» **WHAT IS EXPECTED**
In the entries below, find the line containing "The Little Book of Behavioral Investing". Write out that line and all lines after it, exactly, and nothing else.
Segment Open
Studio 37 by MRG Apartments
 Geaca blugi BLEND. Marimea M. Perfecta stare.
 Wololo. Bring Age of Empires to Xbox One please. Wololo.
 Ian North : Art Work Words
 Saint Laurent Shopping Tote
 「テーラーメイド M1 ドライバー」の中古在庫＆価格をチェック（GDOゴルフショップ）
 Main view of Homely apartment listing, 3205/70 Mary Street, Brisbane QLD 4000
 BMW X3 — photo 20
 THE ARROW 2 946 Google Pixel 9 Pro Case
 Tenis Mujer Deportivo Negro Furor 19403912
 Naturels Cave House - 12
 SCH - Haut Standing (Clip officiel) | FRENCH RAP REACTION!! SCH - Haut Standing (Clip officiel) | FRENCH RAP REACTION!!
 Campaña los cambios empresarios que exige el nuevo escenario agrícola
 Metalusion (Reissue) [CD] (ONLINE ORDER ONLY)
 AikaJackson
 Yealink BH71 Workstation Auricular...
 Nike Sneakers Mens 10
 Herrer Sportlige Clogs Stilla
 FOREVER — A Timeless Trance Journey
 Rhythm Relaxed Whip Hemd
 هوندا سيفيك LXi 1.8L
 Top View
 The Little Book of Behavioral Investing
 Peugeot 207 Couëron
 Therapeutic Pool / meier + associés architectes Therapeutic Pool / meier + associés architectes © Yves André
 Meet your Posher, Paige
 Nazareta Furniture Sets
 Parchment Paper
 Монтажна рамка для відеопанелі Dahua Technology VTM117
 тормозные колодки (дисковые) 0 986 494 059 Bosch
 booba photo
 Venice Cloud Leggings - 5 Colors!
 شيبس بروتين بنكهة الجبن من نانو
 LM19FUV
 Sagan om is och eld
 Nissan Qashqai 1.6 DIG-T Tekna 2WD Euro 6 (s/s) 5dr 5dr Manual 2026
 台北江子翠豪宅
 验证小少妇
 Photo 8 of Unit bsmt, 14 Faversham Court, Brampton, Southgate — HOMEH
Segment Closed
» **EXERCISE ANSWER**
 The Little Book of Behavioral Investing
 Peugeot 207 Couëron
 Therapeutic Pool / meier + associés architectes Therapeutic Pool / meier + associés architectes © Yves André
 Meet your Posher, Paige
 Nazareta Furniture Sets
 Parchment Paper
 Монтажна рамка для відеопанелі Dahua Technology VTM117
 тормозные колодки (дисковые) 0 986 494 059 Bosch
 booba photo
 Venice Cloud Leggings - 5 Colors!
 شيبس بروتين بنكهة الجبن من نانو
 LM19FUV
 Sagan om is och eld
 Nissan Qashqai 1.6 DIG-T Tekna 2WD Euro 6 (s/s) 5dr 5dr Manual 2026
 台北江子翠豪宅
 验证小少妇
 Photo 8 of Unit bsmt, 14 Faversham Court, Brampton, Southgate — HOMEH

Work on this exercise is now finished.